*DATA FOR THIS EXERCISE*
● ● ● ● ● ● ●

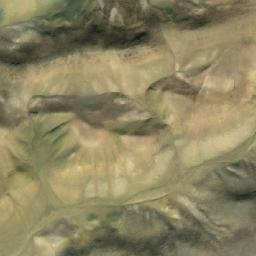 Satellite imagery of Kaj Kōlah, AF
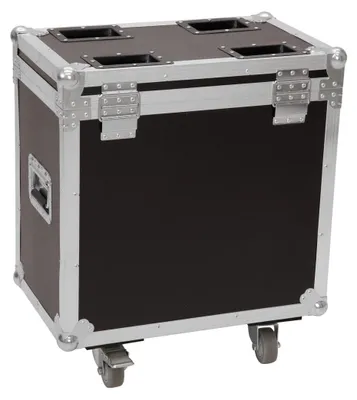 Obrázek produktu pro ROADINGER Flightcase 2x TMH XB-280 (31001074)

● ● ● ● ● ● ●

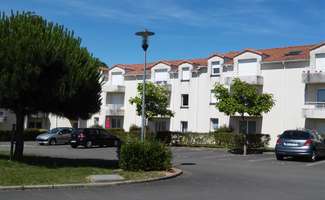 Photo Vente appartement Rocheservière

● ● ● ● ● ● ●

*WORK TO COMPLETE*
In the listing above, find the line with "Satellite imagery of Kaj Kōlah, AF" and the line with "Obrázek produktu pro". Output both, plus every line between them, and no pictures.

*YOUR SOLUTION*
 Satellite imagery of Kaj Kōlah, AF
 Obrázek produktu pro ROADINGER Flightcase 2x TMH XB-280 (31001074)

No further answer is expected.